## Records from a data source
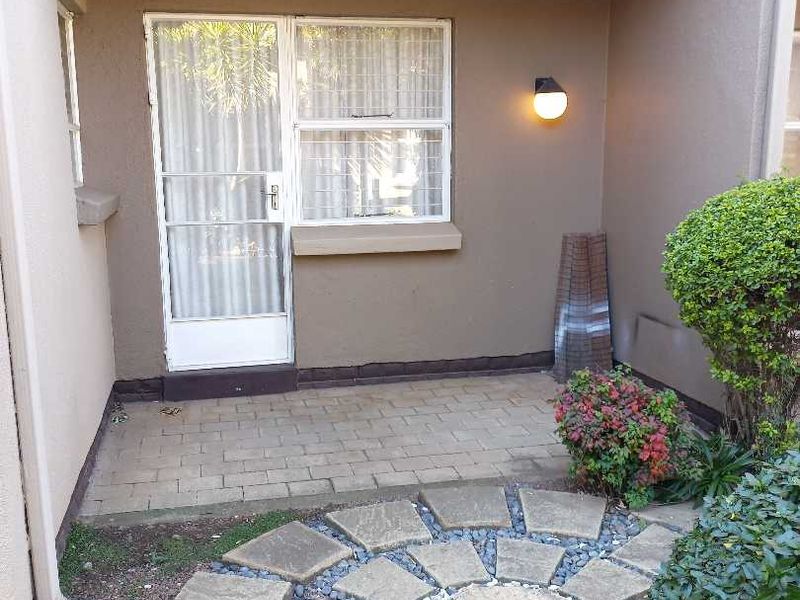 A covered patio area featuring paved flooring, a security gate, and a decorative stone garden path leading to the entrance.
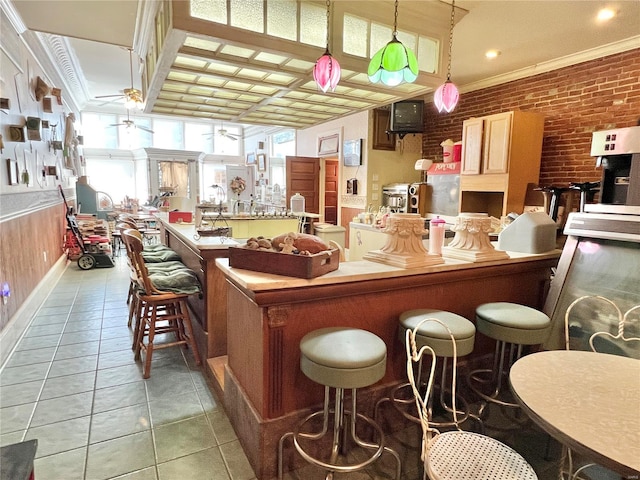 interior space with ceiling fan, tile floors, brick wall, and a breakfast bar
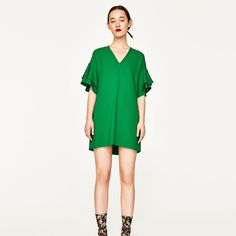 Sold Out At Zara Gorgeous Green Frilled Sleeve Dress From Zara Brand. Short And Flowy With V-Neck And Ruffled Sleeves Never Been Worn. New With Tags Green V-neck Dress With Ruffles, Green V-neck Ruffle Dress For Brunch, Elegant Green V-neck Ruffle Dress, Spring V-neck Dress With Ruffle Sleeves, Casual Green Mini Dress With Flutter Sleeves, Chic Green V-neck Dress, Green Mini-length V-neck Dress, Green V-neck Ruffle Dress, Chic Viscose V-neck Dress With Short Sleeves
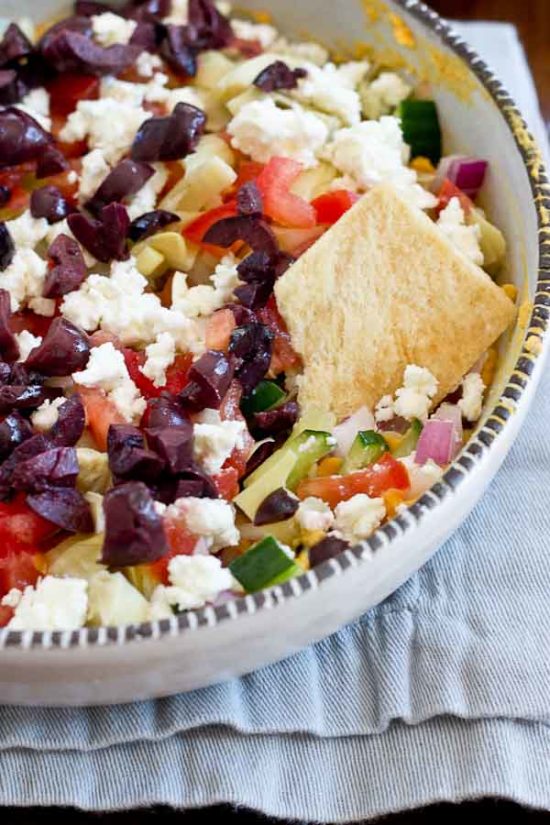This Greek 7 Layer Dip is loaded with only the good stuff-- roasted red pepper hummus and loads of veggies. Perfect appetizer to serve at any party. 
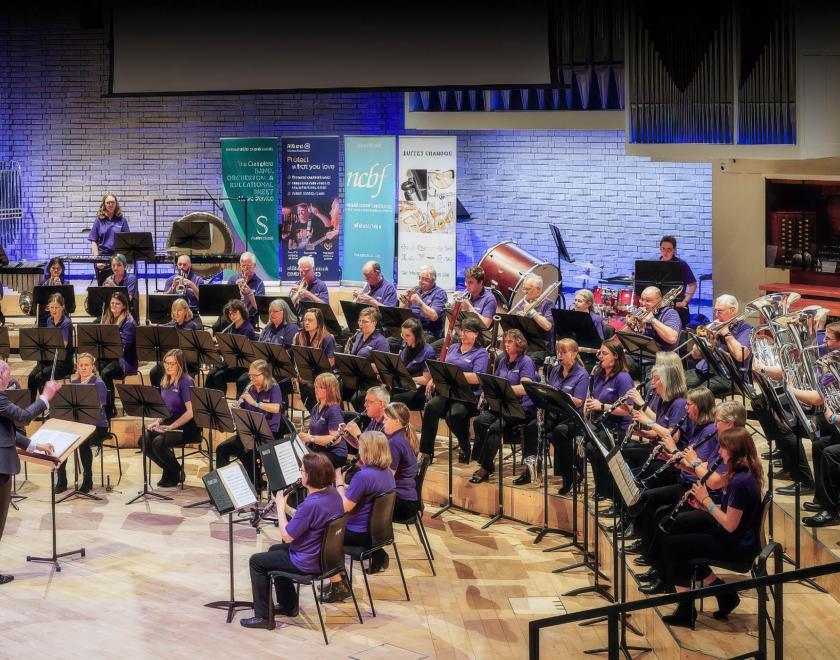 Trinity Concert Band performing in a festival, with the conductor leading the large seated wind band on stage.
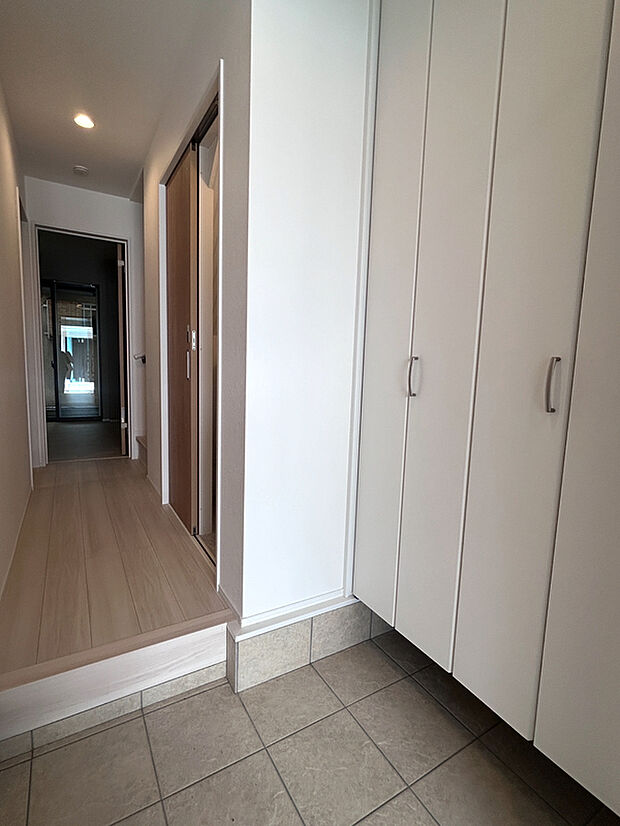 【【1階玄関】】玄関西側の壁一面には、天井までの大容量のSCLが設置されています。吊戸式で床面まで無駄なく利用でき、可動棚にご家族皆さまの靴をまとめて保管いただけます。/2025年3月撮影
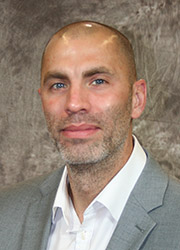 Headshot of Ryan Altman looking at the camera. He wears a white dress shirt and gray suit jacket in front of a textured gray photo backdrop.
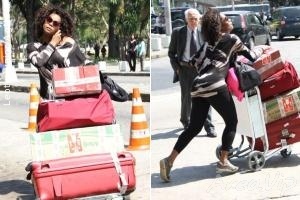 Adriana Bombom é clicada no aeroporto cheia de malas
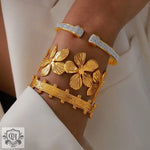 Gold-toned flower design cuff bracelets featuring 18K gold in light luxury style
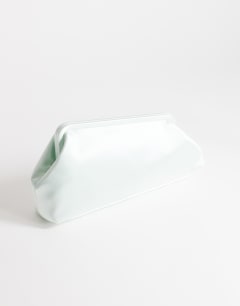 Model wearing Anna medium angular clutch bag in sage satin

## Task objective
Leaving out the pictures, restate word for word the lines above from the one containing "Sold Out At" through the end of the records, both ends included.

## Written solution
 Sold Out At Zara Gorgeous Green Frilled Sleeve Dress From Zara Brand. Short And Flowy With V-Neck And Ruffled Sleeves Never Been Worn. New With Tags Green V-neck Dress With Ruffles, Green V-neck Ruffle Dress For Brunch, Elegant Green V-neck Ruffle Dress, Spring V-neck Dress With Ruffle Sleeves, Casual Green Mini Dress With Flutter Sleeves, Chic Green V-neck Dress, Green Mini-length V-neck Dress, Green V-neck Ruffle Dress, Chic Viscose V-neck Dress With Short Sleeves
This Greek 7 Layer Dip is loaded with only the good stuff-- roasted red pepper hummus and loads of veggies. Perfect appetizer to serve at any party. 
 Trinity Concert Band performing in a festival, with the conductor leading the large seated wind band on stage.
 【【1階玄関】】玄関西側の壁一面には、天井までの大容量のSCLが設置されています。吊戸式で床面まで無駄なく利用でき、可動棚にご家族皆さまの靴をまとめて保管いただけます。/2025年3月撮影
 Headshot of Ryan Altman looking at the camera. He wears a white dress shirt and gray suit jacket in front of a textured gray photo backdrop.
 Adriana Bombom é clicada no aeroporto cheia de malas
 Gold-toned flower design cuff bracelets featuring 18K gold in light luxury style
 Model wearing Anna medium angular clutch bag in sage satin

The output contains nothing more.